Цинковые мальчики. Светлана АлексиевичЧитать онлайн книгу.
15051 человек. Пропали без вести и оказались в плену 417 военнослужащих. По состоянию на 2000 г. в числе не вернувшихся из плена и не разысканных оставалось 287 человек…
Пролог
– Я иду одна… Теперь мне долго предстоит идти одной…
Он убил человека… Мой сын… Кухонным топориком, я им мясо разделывала. Вернулся с войны и тут убил… Принес и положил утром топорик назад, в шкафчик, где у меня посуда хранится.
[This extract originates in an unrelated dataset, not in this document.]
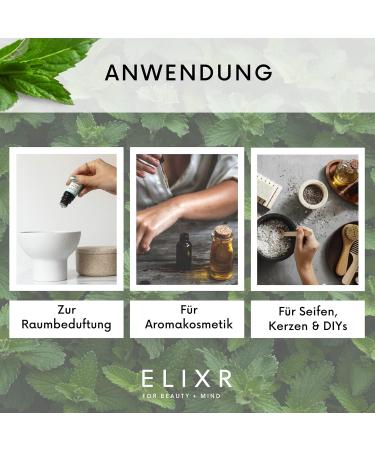 Elixr Japanese Mint Oil - 100% Essential Oil for Aromatherapy & Massage | Certified Natural Cosmetics from Germany - 10ml - Buy Online on GoSupps.com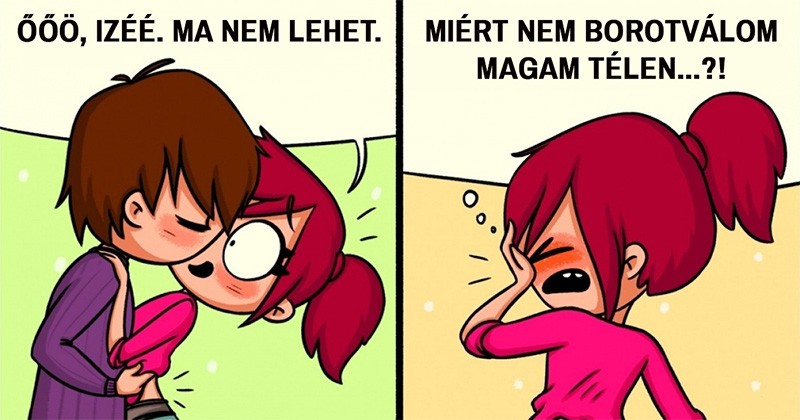 15 jópofa illusztráció, amely megmutatja, hogy mennyire nehéz lánynak lenni a téli hónapokban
По-моему, в этот же день я ему отбивные приготовила… Через какое-то время по телевидению объявили и в вечерней газете написали, что рыбаки выловили в городском озере труп… По кускам… Звонит мне подруга:
– Читала? Профессиональное убийство… Афганский почерк…
Сын был дома, лежал на диване, книжку читал. Я еще ничего не знала, ни о чем не догадывалась, но почему-то после этих слов посмотрела на него… Материнское сердце…
Вы не слышите собачий лай? Нет? А я слышу, как только начинаю об этом рассказывать, слышу собачий лай. Как собаки бегут… Там в тюрьме, где он сейчас сидит, большие черные овчарки… И люди все в черном, только в черном… Вернусь в Минск, иду по улице, мимо хлебного магазина, детского садика, несу батон и молоко и слышу этот собачий лай. Оглушающий лай. Я от него слепну… Один раз чуть под машину не попала…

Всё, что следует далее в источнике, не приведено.